**RECORDS SHOWN**
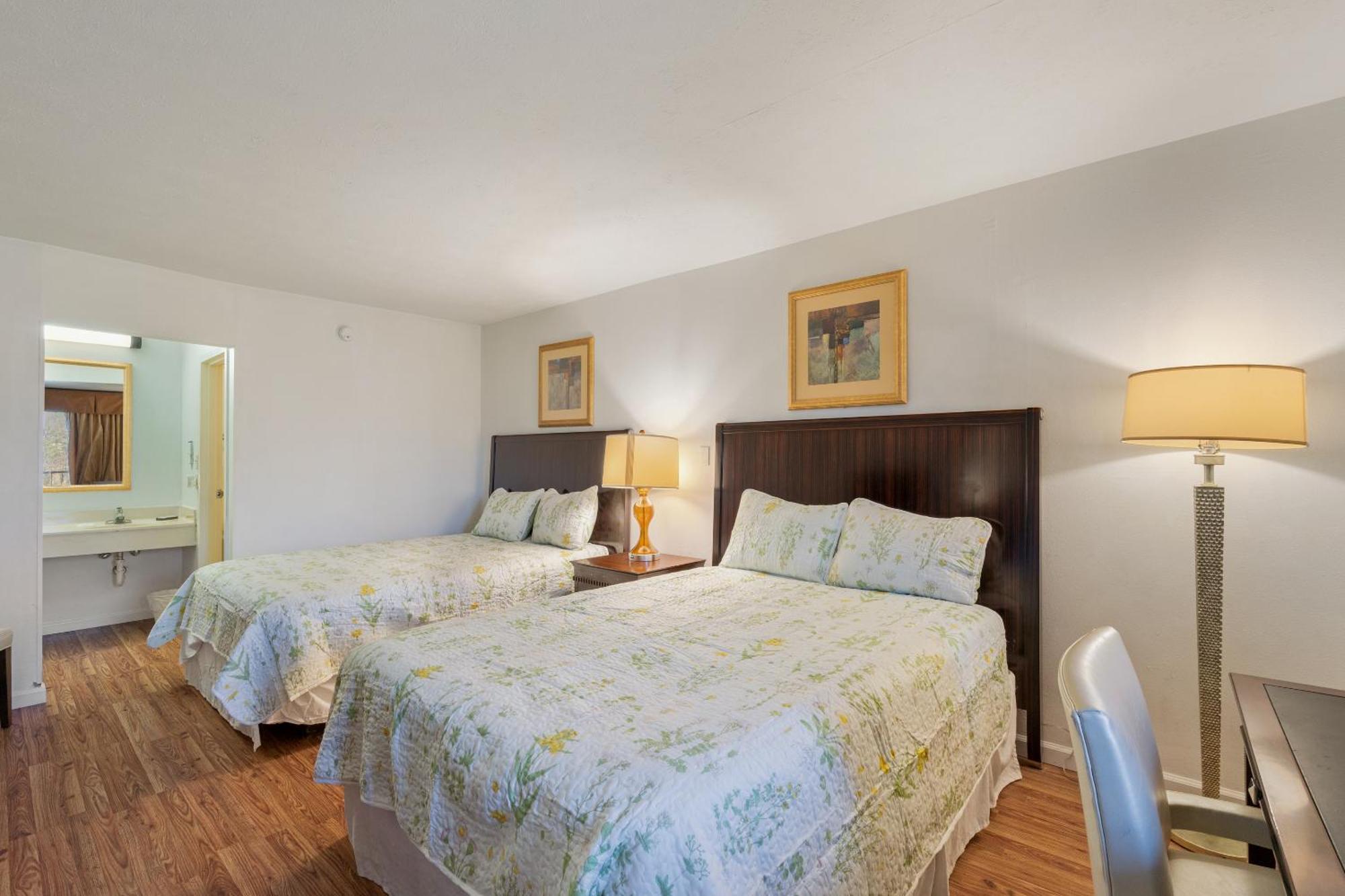 Williamsburg Suites Extérieur photo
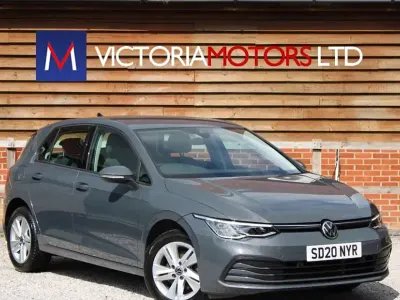 Used VW Golf VIII Life 128 HP (94 kW) 2020 Hatchback
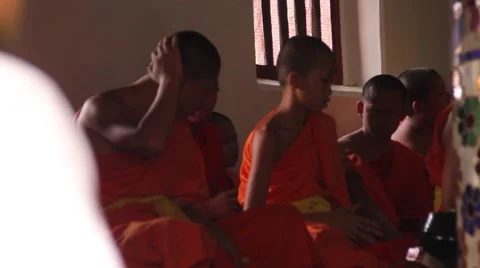 Buddhist Monks praying in Monastery 動画素材 55432201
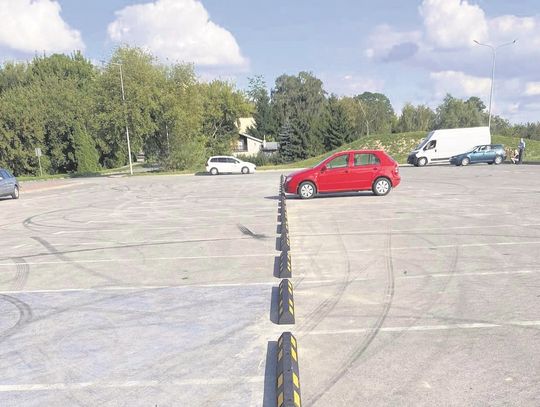 W sąsiedztwie parkingu przy Ciesielczuka słychać było donośny warkot silników i pisk opon driftujących aut. Czy montaż separatorów rozwiąże problem?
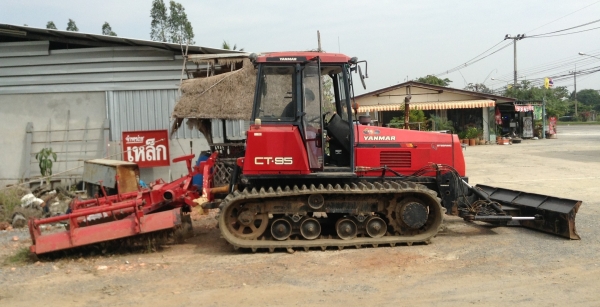 รถแทรคเตอร์ตีนา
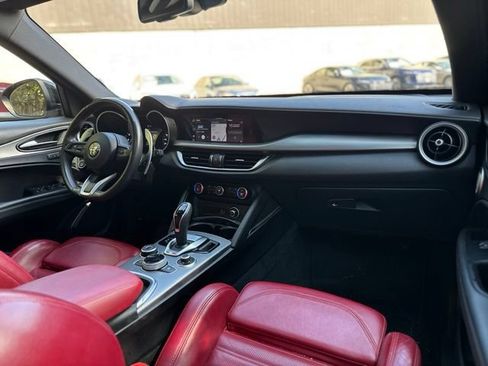 Used 2022 Alfa Romeo Stelvio Veloce AWD/4WD image 17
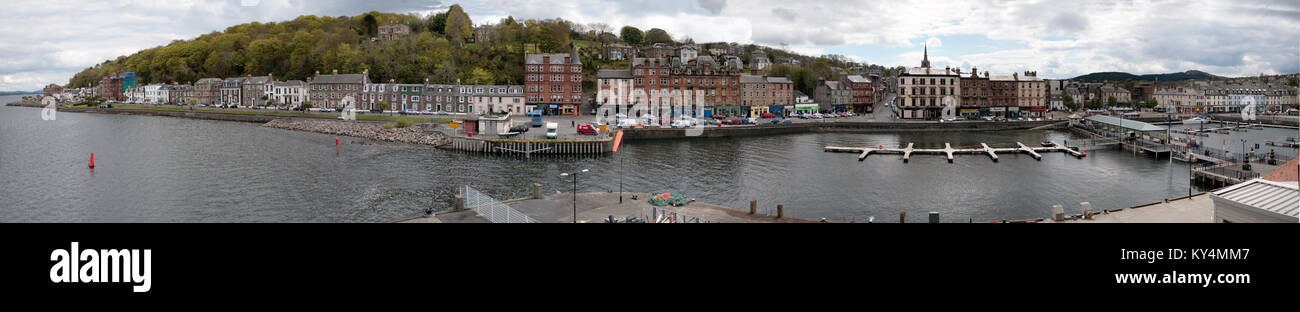 Port Rothesay panorama Bay, île de Bute,mont Stuart road à la rue Victoria Street vue depuis le ferry de l'île Royaume Uni Banque D'Images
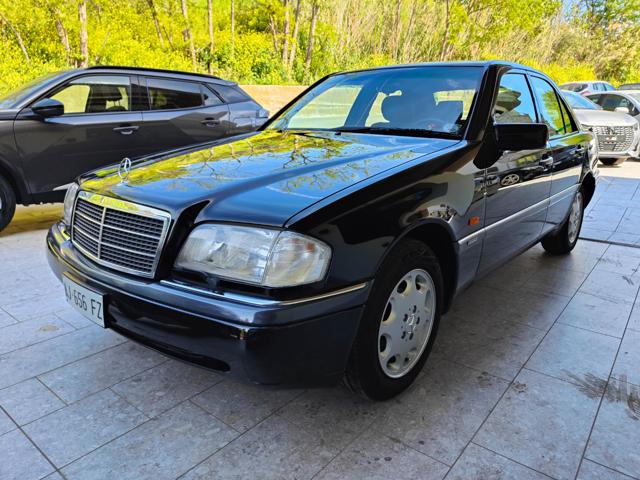 MERCEDES-BENZ C 180 usata, con Autoradio
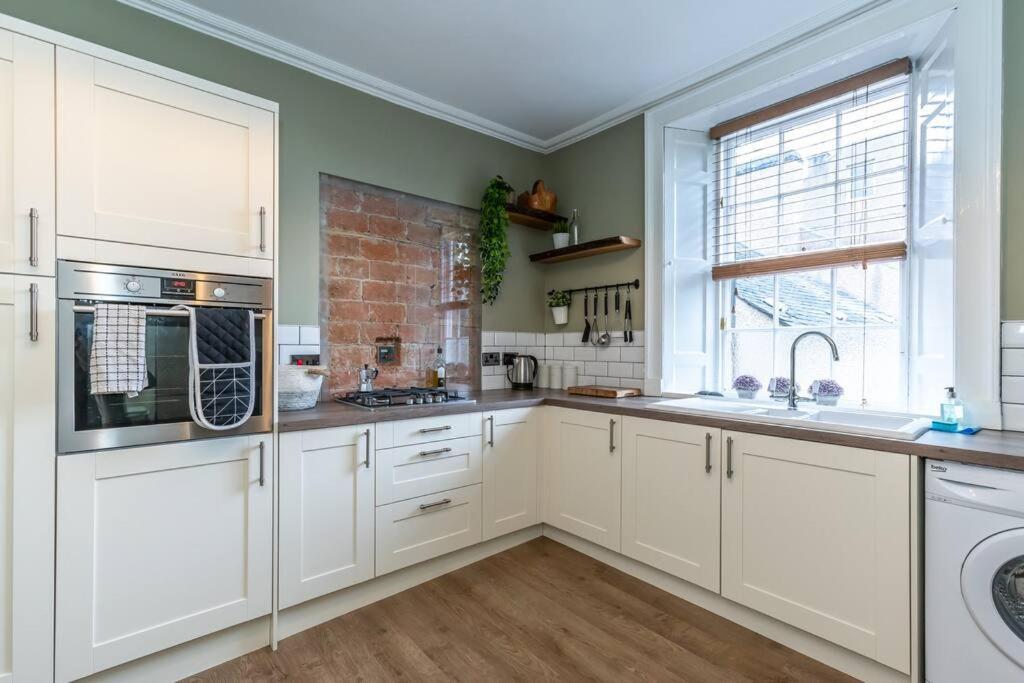 Вилла The Stirling Townhouse Экстерьер фото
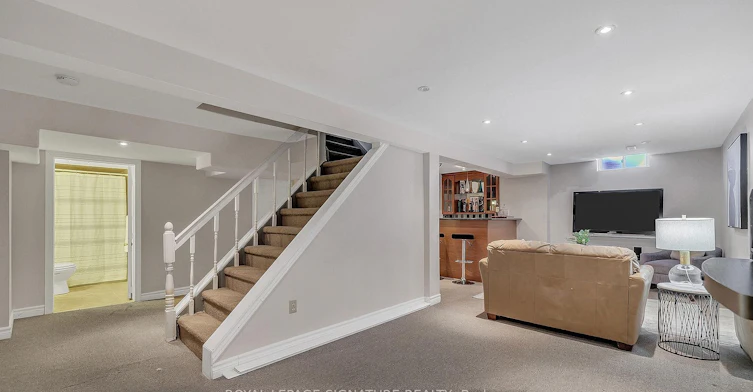 Bsmt-3390 Columbine Crescent, Mississauga, ON, L5N 6A9 - 2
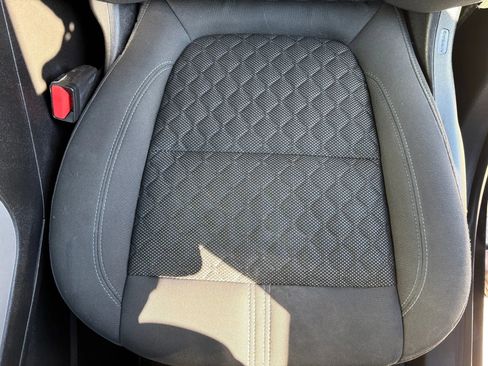 Used 2020 Chevrolet Blazer LT image 11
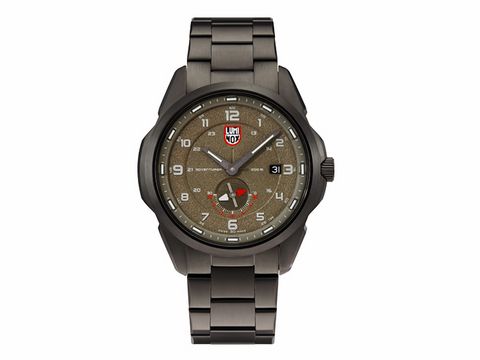Luminox Atacama Adventurer Field 1760 Series XL.1768 Herren Armbanduhr mit schwarzem Gehäuse und Armband, braunem Ziffernblatt, großen Ziffern und markanten Zeigern. Ideal für Abenteuer.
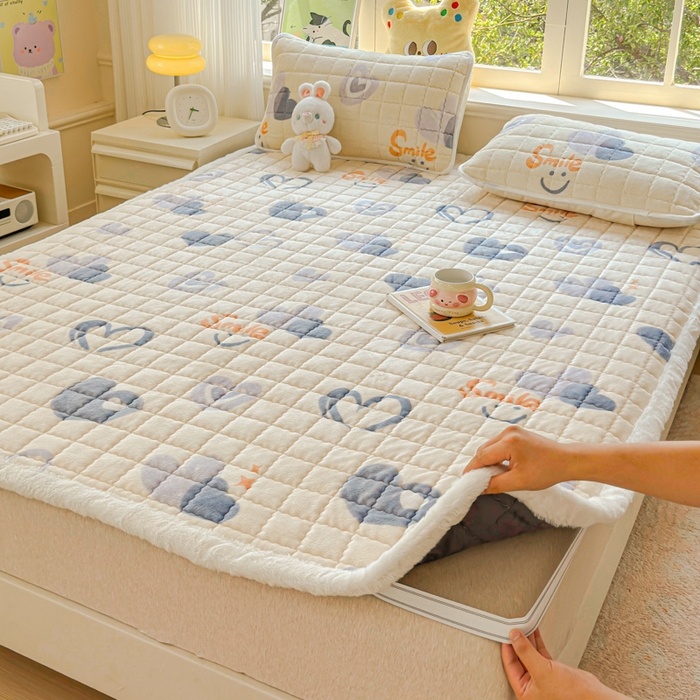 91家纺网 家纺一手货源 找家纺 澜妃 2025新款高克重牛奶绒可爱系床褥床护垫CHD CHD-蜡笔心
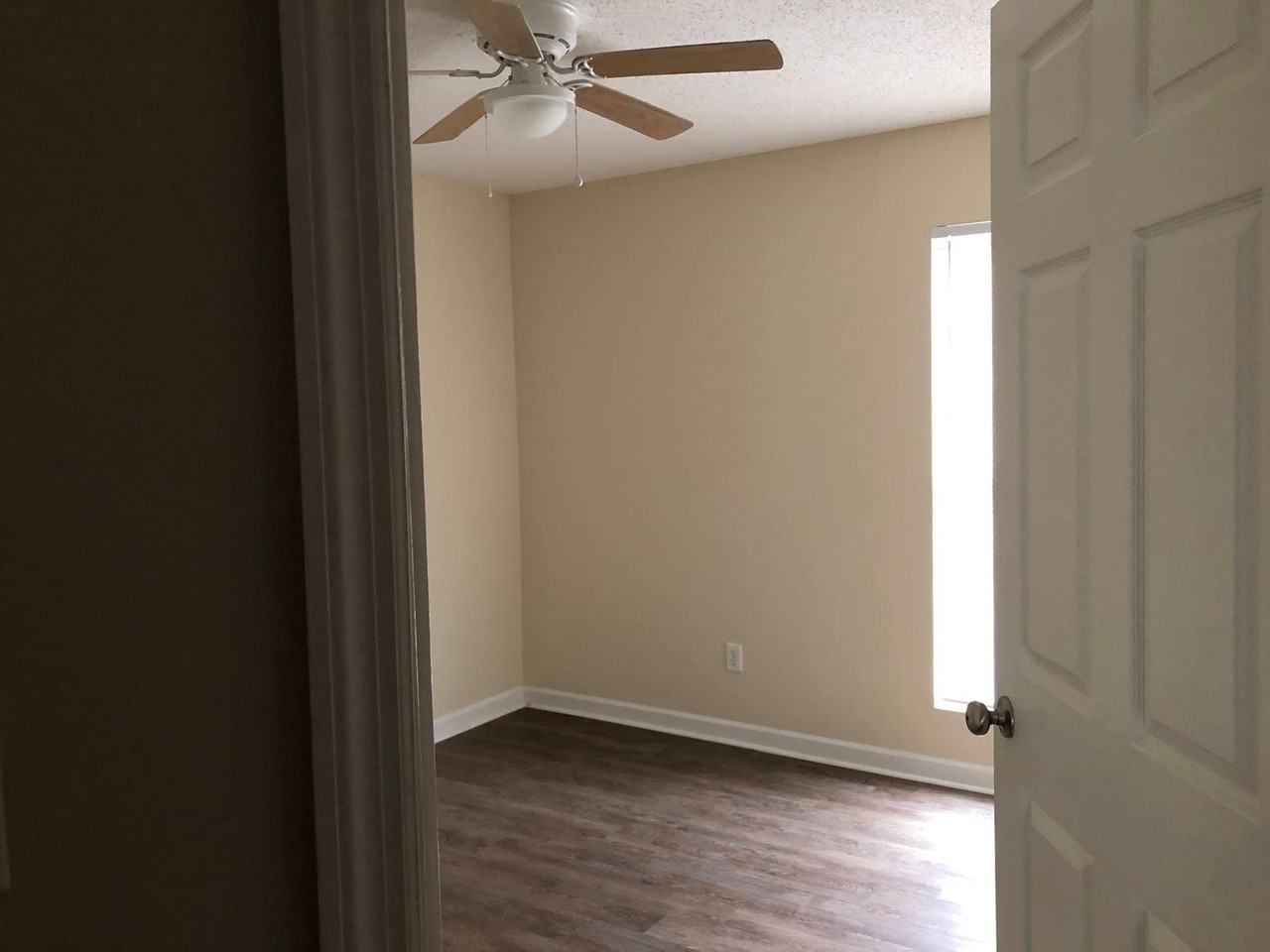 224 Glade Ln - Photo 5 of 6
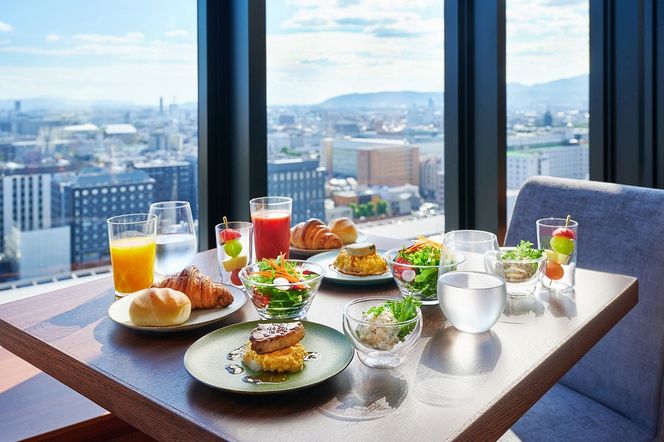 【ホテルグランヴィア京都】1泊朝食付ペア宿泊券《デラックスツイン》｜駅直結 超好立地 人気ホテル 高階層 旅行 観光 ［ 京都駅構内 アクセス抜群 ラグジュアリー ホテルペア宿泊券 14・15F 人気 おすすめ 旅行 観光 宿泊 ふるさと納税 ］ 261009_A-LA106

**WHAT YOU HAVE TO DO**
Give back the data verbatim. The pictures are not part of the copy.

**RESPONSE TO THIS EXERCISE**
 Williamsburg Suites Extérieur photo
 Used VW Golf VIII Life 128 HP (94 kW) 2020 Hatchback
 Buddhist Monks praying in Monastery 動画素材 55432201
 W sąsiedztwie parkingu przy Ciesielczuka słychać było donośny warkot silników i pisk opon driftujących aut. Czy montaż separatorów rozwiąże problem?
 รถแทรคเตอร์ตีนา
 Used 2022 Alfa Romeo Stelvio Veloce AWD/4WD image 17
 Port Rothesay panorama Bay, île de Bute,mont Stuart road à la rue Victoria Street vue depuis le ferry de l'île Royaume Uni Banque D'Images
 MERCEDES-BENZ C 180 usata, con Autoradio
 Вилла The Stirling Townhouse Экстерьер фото
 Bsmt-3390 Columbine Crescent, Mississauga, ON, L5N 6A9 - 2
 Used 2020 Chevrolet Blazer LT image 11
Luminox Atacama Adventurer Field 1760 Series XL.1768 Herren Armbanduhr mit schwarzem Gehäuse und Armband, braunem Ziffernblatt, großen Ziffern und markanten Zeigern. Ideal für Abenteuer.
 91家纺网 家纺一手货源 找家纺 澜妃 2025新款高克重牛奶绒可爱系床褥床护垫CHD CHD-蜡笔心
 224 Glade Ln - Photo 5 of 6
 【ホテルグランヴィア京都】1泊朝食付ペア宿泊券《デラックスツイン》｜駅直結 超好立地 人気ホテル 高階層 旅行 観光 ［ 京都駅構内 アクセス抜群 ラグジュアリー ホテルペア宿泊券 14・15F 人気 おすすめ 旅行 観光 宿泊 ふるさと納税 ］ 261009_A-LA106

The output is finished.